Wednesday, January 25, 2012

Parashah Bo - "Go" Shemos (Exodus) 10:1 - 13:16

“Go,” the first word of the parashah.  Moshe is to go to Pharaoh.  If the word were “come” it would have a connotation of being summoned.  Pharaoh is not summoning Moshe here; HaShem is directing him.  Who is Pharaoh when compared to the L-rd?  This is significant,  for Pharaoh and his people consider him to be a god, but he has met his match, not only in the most significant event, the  “battle of gods”, but he also does not compare to Moshe man to man (cp. w/ Luke. 11:21 - 22).

“Go” to Pharaoh so that you (plural) can relate to your descendants how I made a mockery of Egypt.

“Go” humble yourself, Pharaoh, or there will be a locust swarm within all your border.

“Let them ‘go’.  The servants recognized G-d’s hand against them; Egypt is lost.

“Go” worship HaShem under my conditions.

Pharaoh’s response is not good enough; he still wants to maintain control; he still will not humble himself.  The locusts were sent (go) to Mitzrayim and it was saturated with them.  The entire land was covered with them.  Pharaoh’s response - “Come to me, Moshe and Aharon.”  Though he still was not totally humbling himself, he did have to admit that he had sinned to HaShem and also Moshe and Aharon.  Notwithstanding his admission, there was no repentance to go along with the admission of sin.  Therefore, he did not send the people to worship (i.e. - tell them to go).

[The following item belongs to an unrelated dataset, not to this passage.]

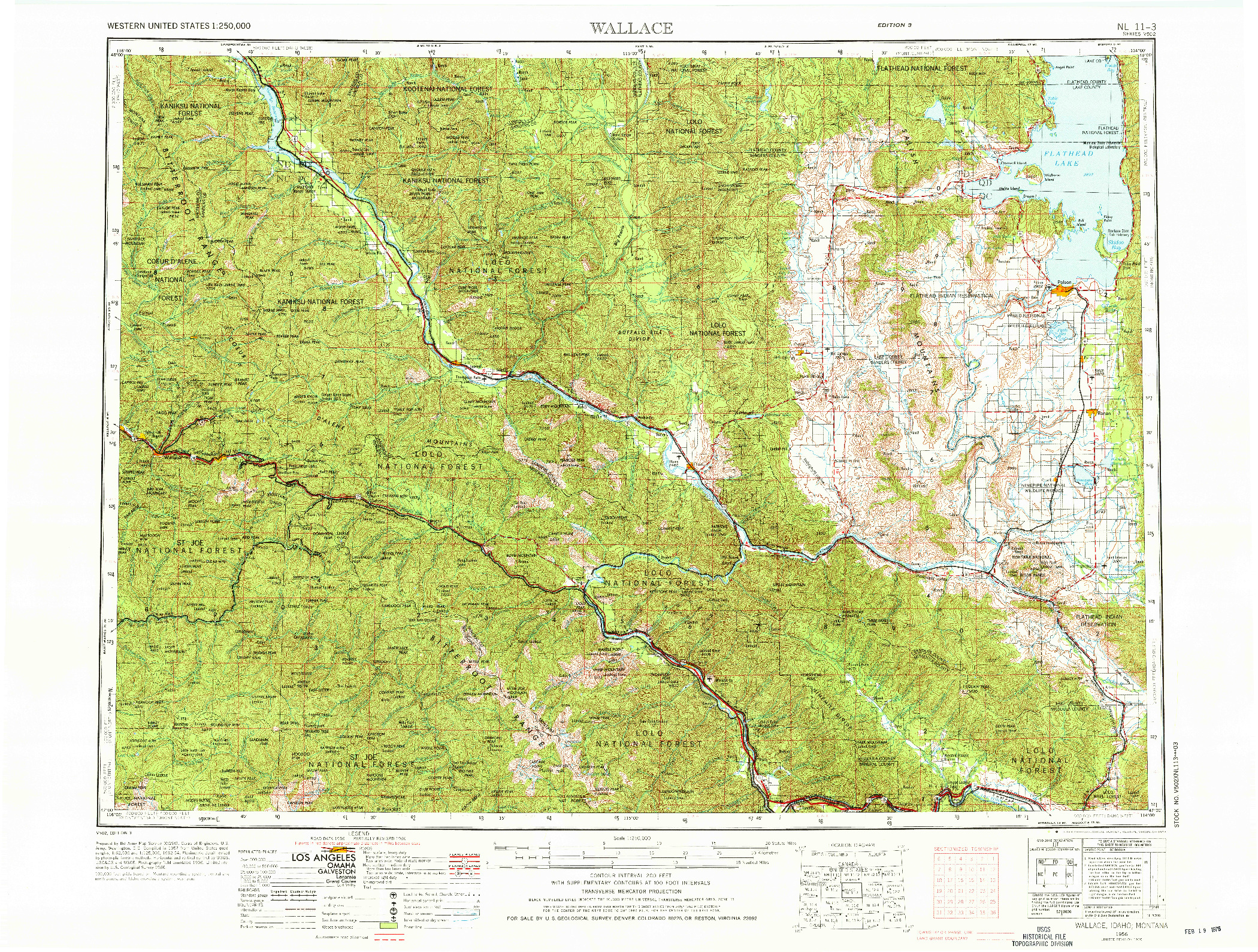 USGS 1:250000-SCALE QUADRANGLE FOR WALLACE, ID 1956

The darkness of Pharaoh’s spirit, which was known and recognized by those around him was, in a sense, magnified to affect all his land.  A darkness that was more than just a lack of light as we know it enveloped the nation.  Psalm 36:9 states “For with Thee is the fountain of life: in Thy light shall we see light.”  In the first chapter of the Torah we notice that light was spoken into existence before any luminary.  Without the light of B’resheet 1:3 we would not be able to see anything of G-d’s creation, even the luminaries.  We can only see physically, emotionally, or spiritually by means of the fruit of the first utterance of the L-rd that is recorded.

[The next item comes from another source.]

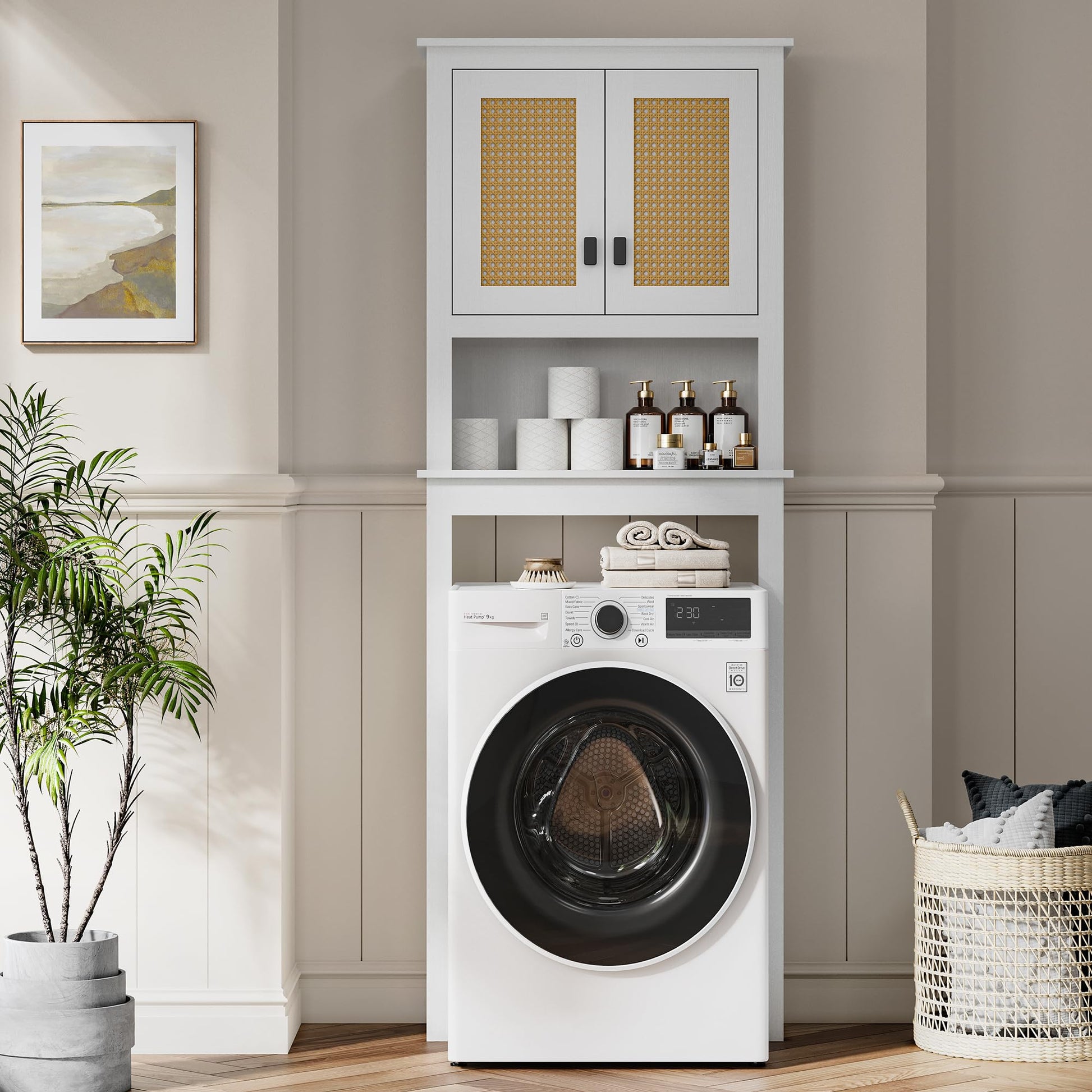 Meuble de rangement Garvee à suspendre au-dessus des toilettes, portes en rotin, étagère réglable, bois, blanc, pour salle de bain et buanderie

It is that light, I believe, that was removed.  The people of the light still had light, but those who did not were utterly isolated and unable to move in the three-day darkness that ensued.  Three days in the tomb of darkness!  Does death hold sway over them or is it The Life that is in control?  What will happen at the time of resurrection?  Will Life rule in their spirits or will Death get the final victory?

Again Pharaoh sends the people to worship under his guidelines.  Of course that is not good enough.  As Moshe and Aharon leave the palace they are informed that there will be just one more plague - the end of this is near.

Yosef, during the famine of more than 200 years in the past, gained for the pharaoh all of the riches of the people of his own nation and other nations as well.  The people willingly gave to Pharaoh through Yosef, for they would receive life as a result.  Now, the people of Egypt are going to willingly give of the riches they now have to the Children of Yisra’el.  Life will again be their reward, for as the Children of Yisra’el “go", the plagues within the borders will cease.  The reception of the riches of Egypt also conforms to the promise given to Avraham that his descendants would leave with much wealth (Gen. 15:14).

Let us also recognize that for this tenth judgement upon the nation being judged, there is a warning.  It had been given to Moshe back in Exodus 4:22 - 23.  “You shall say to Pharaoh, 'So said HaShem, My firstborn is Yisra’el.  So I say to you, "Send out My son that he may serve Me" - but you have refused to send him out; behold, I shall kill your firstborn son.’”  The message is delivered now (Ex. 11:4 - 5).  The full ramifications are revealed to Pharaoh, his advisors, and his servants in attendance.  The result will be that “... all these servants of yours will come down to me and bow to me saying, ‘Leave - you and the entire people that follows you’”  They will be told to “Go (Bo)”!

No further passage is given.